→ Exercise directions: An unchanged copy of all the lines below is expected, and it should contain no pictures.
---------------
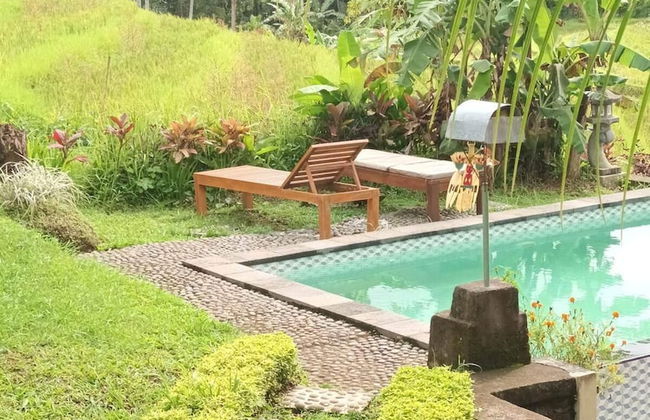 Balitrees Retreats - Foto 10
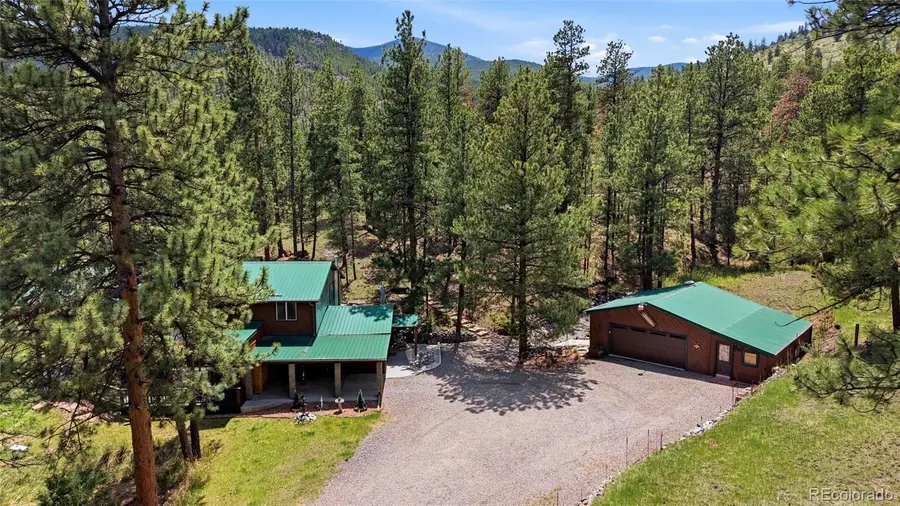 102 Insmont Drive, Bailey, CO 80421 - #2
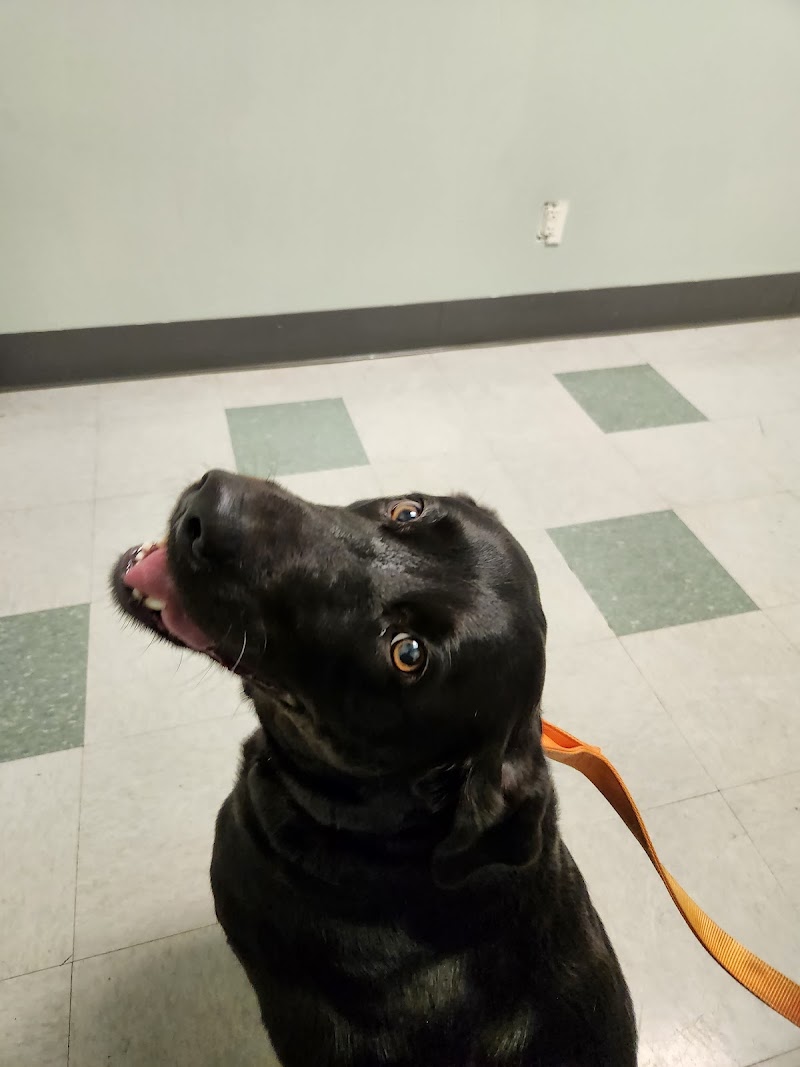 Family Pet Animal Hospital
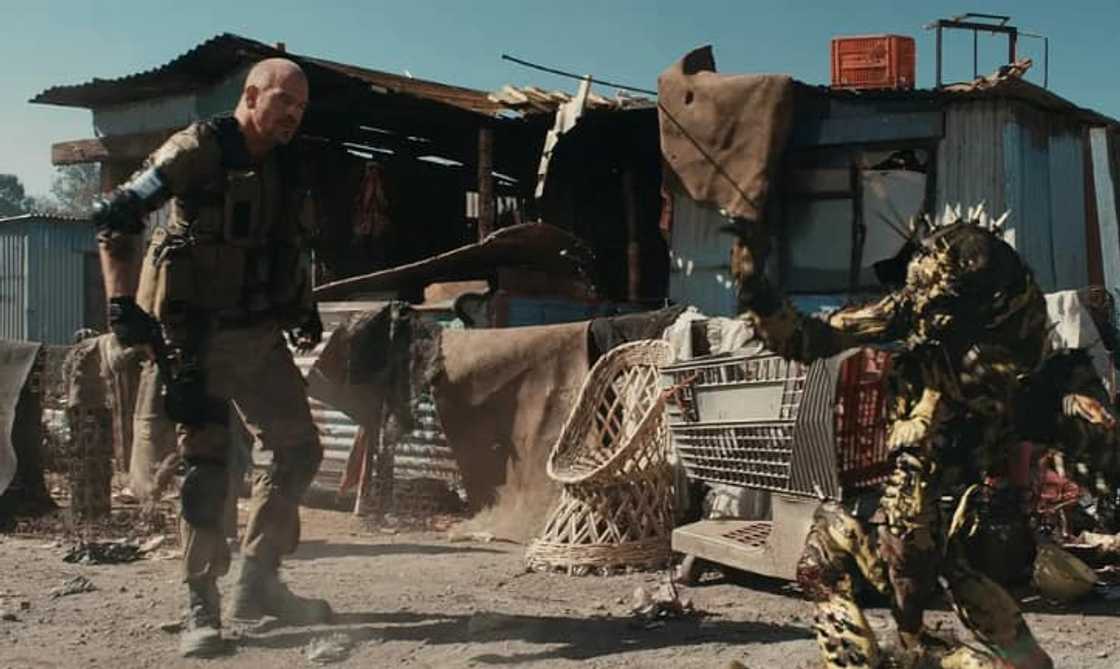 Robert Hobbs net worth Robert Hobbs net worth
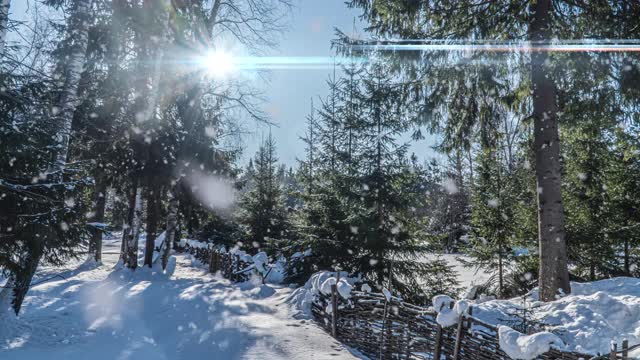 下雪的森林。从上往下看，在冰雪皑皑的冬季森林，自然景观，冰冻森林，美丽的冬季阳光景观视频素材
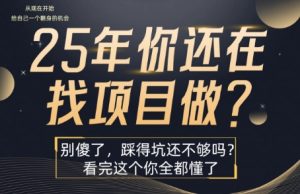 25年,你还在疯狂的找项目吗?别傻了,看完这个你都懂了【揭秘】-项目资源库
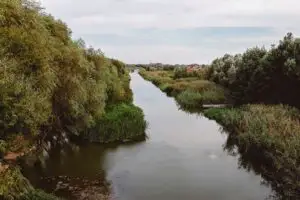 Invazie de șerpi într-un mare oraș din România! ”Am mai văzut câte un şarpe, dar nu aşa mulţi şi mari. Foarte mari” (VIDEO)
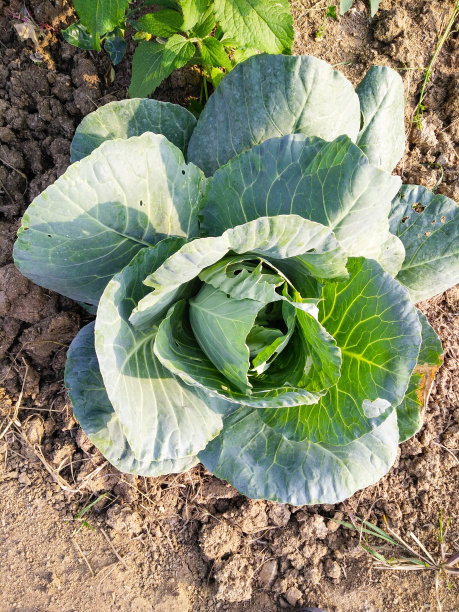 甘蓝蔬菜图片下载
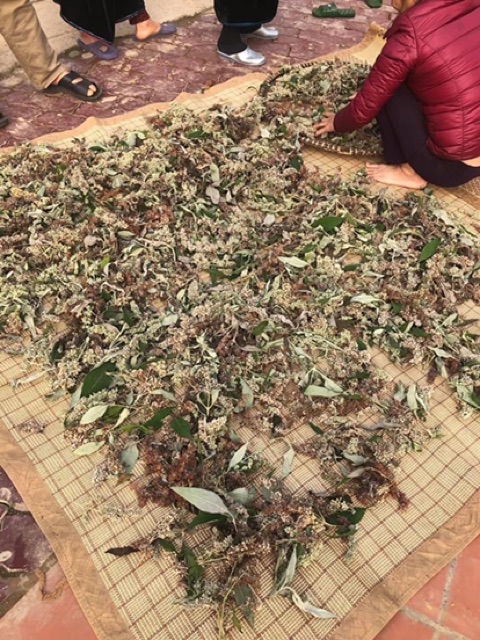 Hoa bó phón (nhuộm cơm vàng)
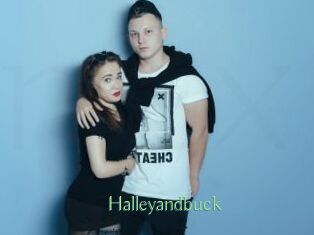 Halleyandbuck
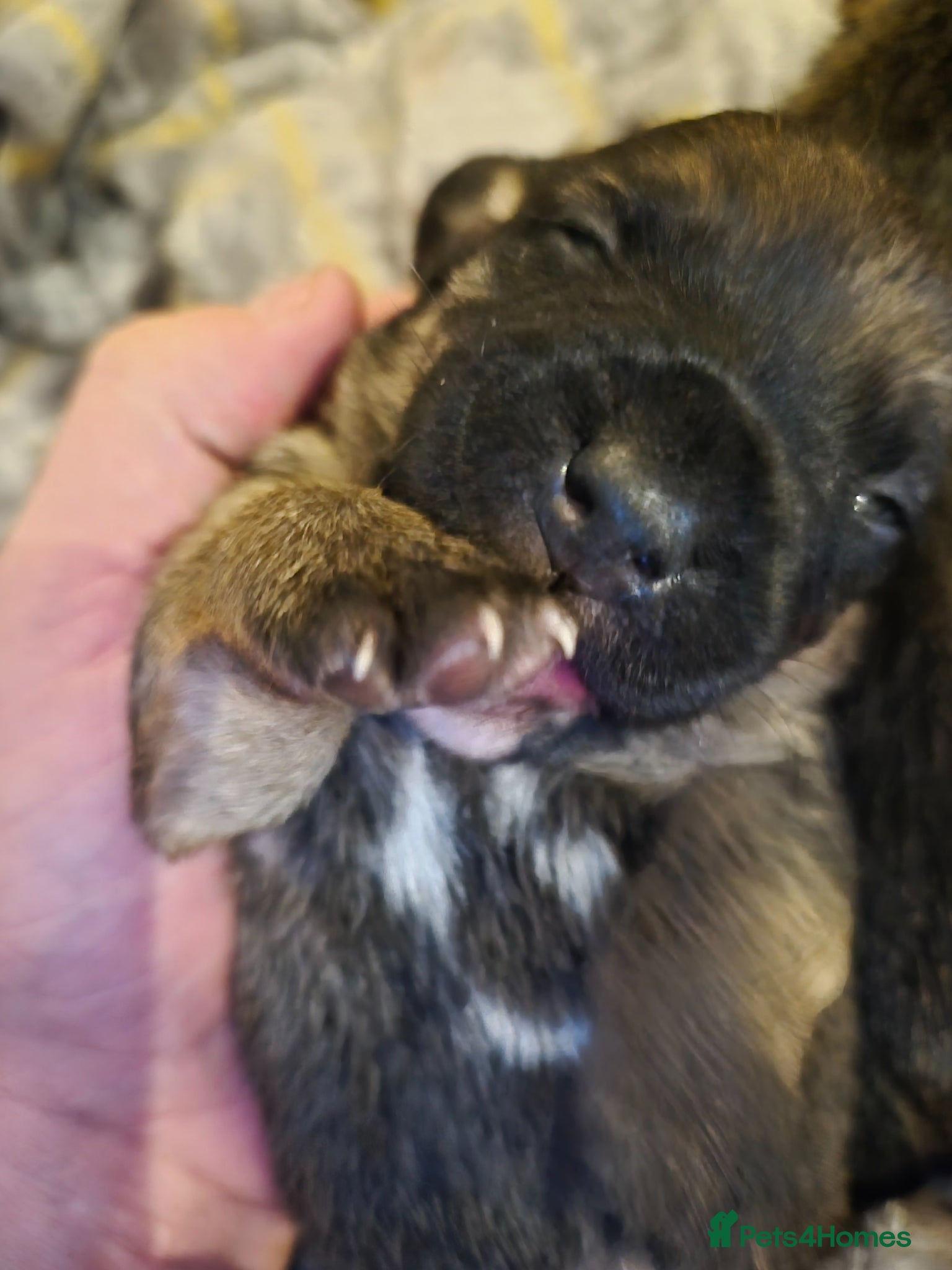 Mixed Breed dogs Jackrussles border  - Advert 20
---------------
→ Result of this exercise:
 Balitrees Retreats - Foto 10
 102 Insmont Drive, Bailey, CO 80421 - #2
 Family Pet Animal Hospital
 Robert Hobbs net worth Robert Hobbs net worth
 下雪的森林。从上往下看，在冰雪皑皑的冬季森林，自然景观，冰冻森林，美丽的冬季阳光景观视频素材
 25年,你还在疯狂的找项目吗?别傻了,看完这个你都懂了【揭秘】-项目资源库
 Invazie de șerpi într-un mare oraș din România! ”Am mai văzut câte un şarpe, dar nu aşa mulţi şi mari. Foarte mari” (VIDEO)
 甘蓝蔬菜图片下载
 Hoa bó phón (nhuộm cơm vàng)
 Halleyandbuck
 Mixed Breed dogs Jackrussles border  - Advert 20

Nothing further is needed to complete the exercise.